Hermès also showed on Saturday a cheerful proposal that played with the colors of the sunset in a rave imaginary in the desert as a supposed ending to a trip through the mountains. The collection mixed layered silk dresses and other cut-outs of very light leather with technical fabrics. Nadège Vanhée-Cybulski brilliantly used ropes, elastics, and zippers from sports or climbing clothing that she fully integrated into her classic elegance. Something like the usual use of the ironmongerythe pieces of hardware, common in the French house.

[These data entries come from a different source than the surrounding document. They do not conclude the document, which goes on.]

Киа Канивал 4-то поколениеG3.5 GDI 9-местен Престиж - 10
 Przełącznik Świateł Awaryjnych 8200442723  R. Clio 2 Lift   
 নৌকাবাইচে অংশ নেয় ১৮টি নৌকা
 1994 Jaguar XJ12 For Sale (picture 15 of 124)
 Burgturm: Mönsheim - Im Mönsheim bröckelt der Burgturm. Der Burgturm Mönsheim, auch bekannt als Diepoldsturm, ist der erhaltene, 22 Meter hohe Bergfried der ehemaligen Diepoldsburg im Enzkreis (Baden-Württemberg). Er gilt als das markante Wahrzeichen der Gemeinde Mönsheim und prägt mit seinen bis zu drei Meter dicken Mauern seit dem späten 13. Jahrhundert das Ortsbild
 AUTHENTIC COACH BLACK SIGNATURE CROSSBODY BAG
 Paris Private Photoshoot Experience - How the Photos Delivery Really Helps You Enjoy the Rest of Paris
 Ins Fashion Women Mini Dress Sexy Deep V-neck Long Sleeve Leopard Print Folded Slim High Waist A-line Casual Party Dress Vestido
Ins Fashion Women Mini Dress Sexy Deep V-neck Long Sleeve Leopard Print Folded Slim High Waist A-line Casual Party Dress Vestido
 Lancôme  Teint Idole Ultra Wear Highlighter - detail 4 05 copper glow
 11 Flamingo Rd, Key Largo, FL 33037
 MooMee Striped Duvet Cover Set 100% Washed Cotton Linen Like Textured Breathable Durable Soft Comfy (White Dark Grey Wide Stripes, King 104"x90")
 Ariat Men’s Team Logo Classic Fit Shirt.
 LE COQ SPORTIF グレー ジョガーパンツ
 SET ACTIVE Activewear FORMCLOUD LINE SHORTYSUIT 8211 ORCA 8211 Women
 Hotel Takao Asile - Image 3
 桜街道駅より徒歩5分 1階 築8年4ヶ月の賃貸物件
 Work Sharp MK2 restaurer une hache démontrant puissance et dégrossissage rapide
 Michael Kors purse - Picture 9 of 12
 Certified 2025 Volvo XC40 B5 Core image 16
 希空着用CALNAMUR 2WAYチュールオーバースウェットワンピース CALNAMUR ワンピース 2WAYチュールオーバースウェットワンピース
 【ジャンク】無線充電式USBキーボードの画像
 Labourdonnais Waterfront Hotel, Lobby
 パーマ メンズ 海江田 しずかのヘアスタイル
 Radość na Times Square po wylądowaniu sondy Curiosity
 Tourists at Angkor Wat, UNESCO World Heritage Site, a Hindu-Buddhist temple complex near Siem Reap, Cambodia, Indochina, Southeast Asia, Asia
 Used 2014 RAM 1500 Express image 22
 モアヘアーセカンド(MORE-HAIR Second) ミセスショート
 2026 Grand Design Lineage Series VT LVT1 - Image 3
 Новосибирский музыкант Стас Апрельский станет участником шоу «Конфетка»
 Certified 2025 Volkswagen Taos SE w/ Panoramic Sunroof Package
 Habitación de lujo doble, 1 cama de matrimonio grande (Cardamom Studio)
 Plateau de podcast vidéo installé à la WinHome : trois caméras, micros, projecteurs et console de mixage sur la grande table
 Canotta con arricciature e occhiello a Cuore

The path continues, life advances, technology is surpassed, but sometimes the gaze goes back. in a boast performative, The Coperni duo, made up of Sébastien Meyer and Arnaud Vaillant and named after Nicolás Copernicus, created a dress on the body of Bella Hadid live. The model, naked, scrawny and practically inert, endured for almost 10 minutes that two men, workers at the Coperni workshop, sprayed her with spray before the audience. It was, without a doubt, one of the viral moments of the week. It generated surprise and emotion in part of the public and discomfort and skepticism in the other. The fabric, created by the Spanish Manel Torres, is called Fabrican and it is not new. The choice of a very thin model with a passive attitude made it inevitable to reflect on the role of women in this industry. It is also inevitable to think about the performances by Marina Abramovic, rhythm 0and Yoko Ono, cut piece, where the artists offered their bodies so that the public could do whatever they wanted with them. The results were sadistic: As Abramovic explained, the interaction started out friendly and ended aggressively.

“It’s our celebration of the silhouettes of women from centuries past,” the duo said after the show. They were referring to the clothes, because the silhouettes of the women, with the two usual exceptions, were the same as in the rest of the shows (except for Ester Manas’s): scrawny.